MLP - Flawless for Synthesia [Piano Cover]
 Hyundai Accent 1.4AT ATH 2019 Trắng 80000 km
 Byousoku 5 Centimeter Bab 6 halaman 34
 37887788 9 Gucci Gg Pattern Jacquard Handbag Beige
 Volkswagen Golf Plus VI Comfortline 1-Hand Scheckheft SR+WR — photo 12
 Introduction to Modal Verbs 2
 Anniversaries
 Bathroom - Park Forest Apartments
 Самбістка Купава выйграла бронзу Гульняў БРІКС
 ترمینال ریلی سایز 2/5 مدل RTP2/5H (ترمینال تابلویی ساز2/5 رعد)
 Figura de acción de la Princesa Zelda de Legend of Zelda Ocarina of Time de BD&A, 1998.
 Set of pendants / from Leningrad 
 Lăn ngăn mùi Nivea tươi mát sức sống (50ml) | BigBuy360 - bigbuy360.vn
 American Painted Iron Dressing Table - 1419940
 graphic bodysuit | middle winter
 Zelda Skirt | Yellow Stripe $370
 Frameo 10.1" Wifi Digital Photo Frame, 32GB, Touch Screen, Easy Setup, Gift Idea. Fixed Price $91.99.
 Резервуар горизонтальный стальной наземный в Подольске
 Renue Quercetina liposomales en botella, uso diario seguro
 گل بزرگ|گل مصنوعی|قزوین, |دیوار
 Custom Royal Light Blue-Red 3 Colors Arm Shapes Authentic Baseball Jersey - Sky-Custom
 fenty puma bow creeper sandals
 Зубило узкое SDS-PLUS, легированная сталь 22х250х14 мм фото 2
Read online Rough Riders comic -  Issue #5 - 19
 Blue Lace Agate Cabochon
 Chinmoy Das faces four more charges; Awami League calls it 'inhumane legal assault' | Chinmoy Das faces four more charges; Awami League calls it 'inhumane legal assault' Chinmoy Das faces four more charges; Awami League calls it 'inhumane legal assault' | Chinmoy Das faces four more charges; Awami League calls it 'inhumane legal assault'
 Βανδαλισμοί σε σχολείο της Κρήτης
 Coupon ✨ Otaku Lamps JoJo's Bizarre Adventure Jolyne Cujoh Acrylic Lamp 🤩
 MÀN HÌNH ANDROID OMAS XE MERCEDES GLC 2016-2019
• • • • •
### Exercise description
What do the lines above say from the one containing "Figura de acción" down to the one containing "graphic bodysuit | middle winter"? Return them exactly, both end lines included, and only them.

### Solution for this problem
 Figura de acción de la Princesa Zelda de Legend of Zelda Ocarina of Time de BD&A, 1998.
 Set of pendants / from Leningrad 
 Lăn ngăn mùi Nivea tươi mát sức sống (50ml) | BigBuy360 - bigbuy360.vn
 American Painted Iron Dressing Table - 1419940
 graphic bodysuit | middle winter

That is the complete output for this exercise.